Therefore, if this whole house of cards is true…
then the Catholic position is illogical on its face. In other words, for a couple hundred years now, no one – pope, cardinal, bishop, priest, theologan –
no one has glommed onto the ‘fact’ you’ve now uncovered: the Catholic position is, at its core, completely illogical. Very literally, you’re claiming that, at the point that the Church said it was ok to entertain certain evolutionary theories, we didn’t even understand that we’d just undermined all of the teachings of the Church.
You see the problem with this assertion, don’t you? It requires you to claim that not only are Catholics big old dummies, but that they don’t even realize how stupid they are.
Now, there
is another alternative.
Your take might be wrong.

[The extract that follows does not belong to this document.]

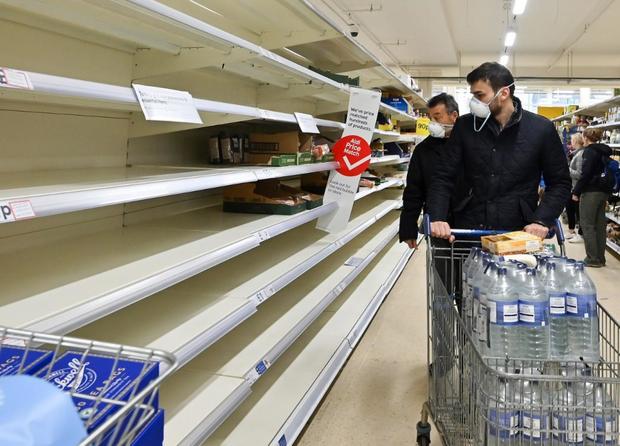 بی توجهی اروپایی‌ ها به قرنطینه
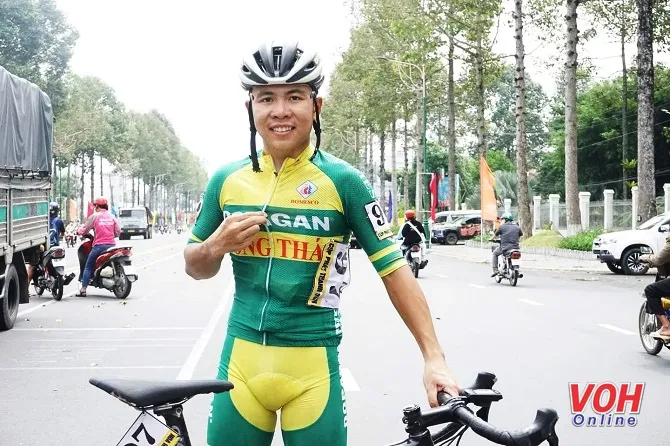 Cuộc đua xe đạp NKKN tranh cúp phát thanh VOH 2022: Ấn tượng tay đua trẻ Trần Nhật Duy 2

Hmm… I wonder which is more likely…?
By the way: does the fact that the Church presumed something of science, based on a particular interpretation of the Bible, mean that this presumption is de facto true? (Of course it doesn’t… and the Church stepped back from scientific assertions about the relationship between the earth and the rest of the cosmos once it had been satisfactorily proven.) By the same token, then, even if there
were folks who made assumptions in the face of a lack of scientific knowledge, then it doesn’t stand to reason that
these assumptions legitimately become abandoned if and when science can demonstrate otherwise.
The Church doesn’t teach science; it teaches theology.